Per sua stessa ammissione, l’infanzia del 27enne è stata “dura”. Adottato dalla zia, Kerley è cresciuto nella piccola città di Taylor, vicino ad Austin, in Texas, in una casa con 13 bambini che vivevano sotto lo stesso tetto. Una vita a correre per qualcosa di più grande di lui, quanto basta per acquisire quella mentalità che gli ha permesso di raggiungere il gradino più alto del mondo e non per la gloria, ma per il frigo pieno: “Non voglio che nessuno nella mia famiglia debba preoccuparsi di come ci si possa procurare il prossimo pasto, come è successo a me”. Una vita di sacrifici, incarnata dalla finale di Eugene la scorsa estate, quando ha corso e centrato la medaglia d’oro nei 100 nonostante fosse infortunato che, peraltro, ha messo fine alle speranze di ripetere il successo nei 200 metri.

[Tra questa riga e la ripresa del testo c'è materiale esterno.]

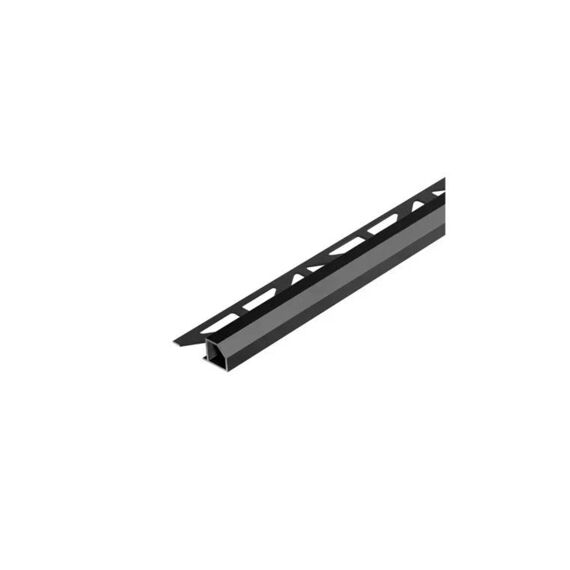 Profiel Dpsacm 1111 250 Cm Alu Zwart Mat Gecoat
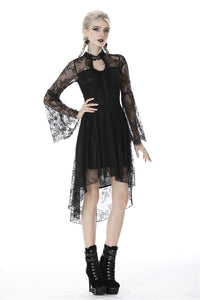 Gothic gorgeous cocktail lace dress DW386 - Gothlolibeauty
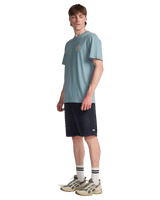 Larry Cord Walkshorts in Charcoal Grey
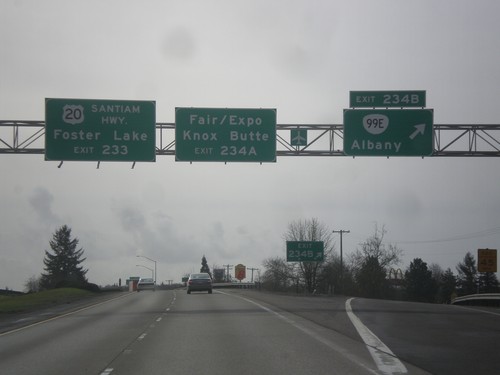 I-5 South - Exits 234BA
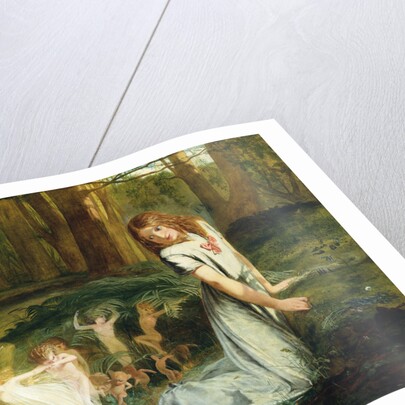 A Glimpse of the Fairies by Charles Hutton Lear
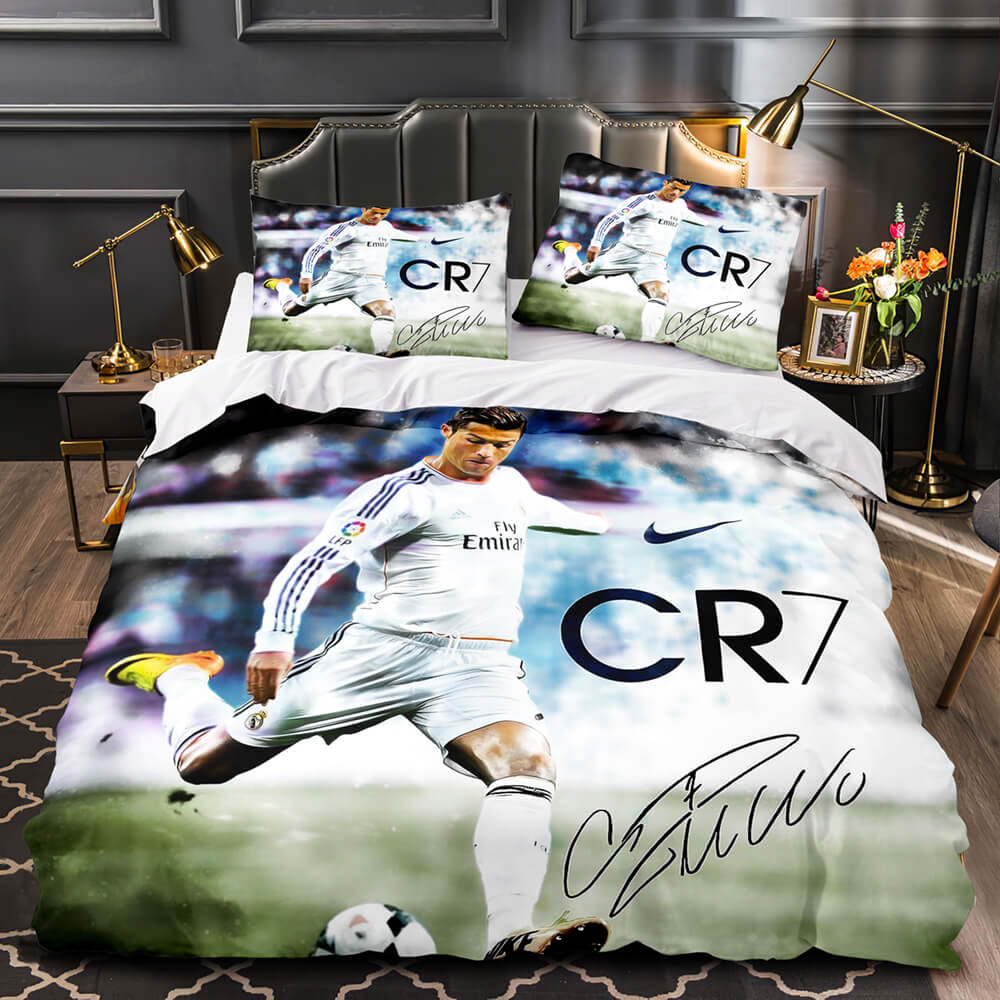 CR7 Bedding Set Duvet Cover Without Filler (Online Order Only)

Kerley ha già fissato i propri obiettivi: a Budapest, cercherà di bissare l’oro e solo dopo inizierà anche a pensare a Parigi 2024. L’obiettivo è progredire step by step prestando la maggior attenzione possibile ai messaggi che gli invierà il corpo. Kerley è solo il terzo uomo nella storia a correre sotto i 10, 20 e 44 secondi rispettivamente per i 100, 200 e 400 metri. Quanto basta per puntare a emulare Bolt e diventare il primo uomo a completare una doppietta mondiale dallo sprint dal giamaicano nel 2015.

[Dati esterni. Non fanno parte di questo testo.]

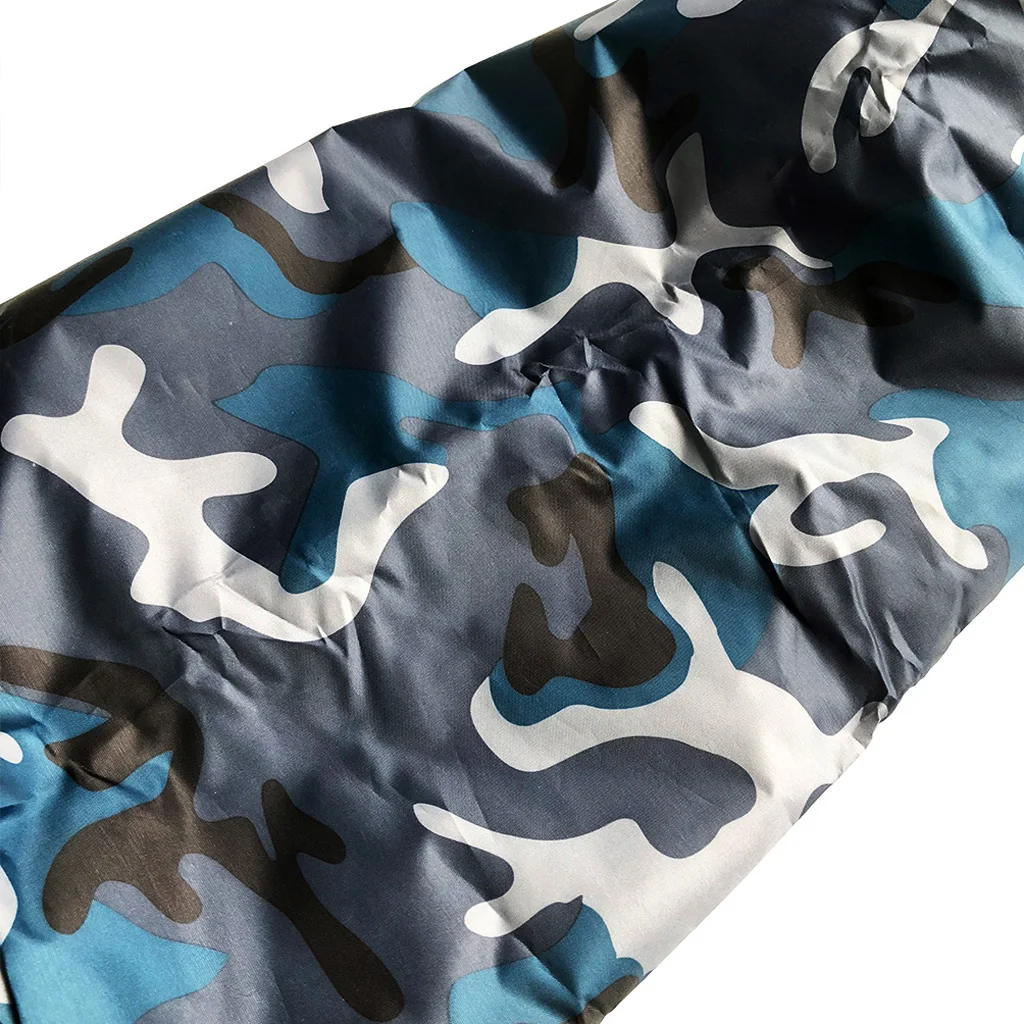 2.1-6.5 Meters Kayak Canoe Storage Dust Cover Waterproof UV Sun Protection for 8 Sizes Range Fishing Boat Kayak Canoe
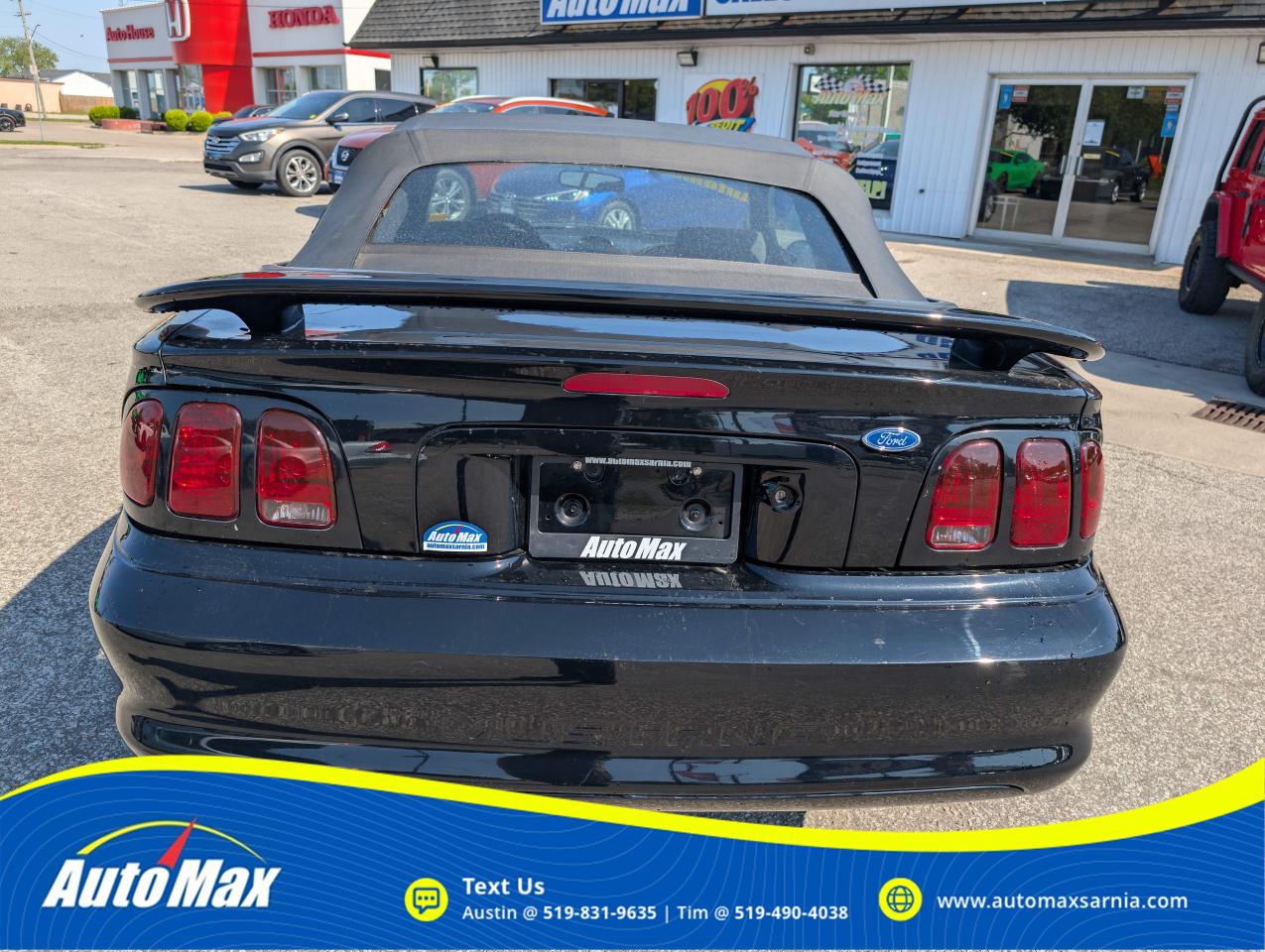 1997 Ford Mustang Base 2dr Convertible Photo4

Tra il dire e il fare però, c’è di mezzo il Mar…cell. Jacobs è l’acerrimo rivale di Kerley che sinora, negli scontri diretti è sempre arrivato dietro il velocista azzurro. La sconfitta di Tokyo, dove Kerley ha dovuto accontentarsi dell’argento per appena quattro centesimi, è un qualcosa che ancora non ha digerito. Anche perché la visione del mondo dello sprinter è abbastanza manichea. I tempi e i miglioramenti vanno e vengono, sono solo le medaglie a durare per sempre. Ed il velocista è più che mai desideroso di fermare il tempo, scandendo il suo nome sul cronometro.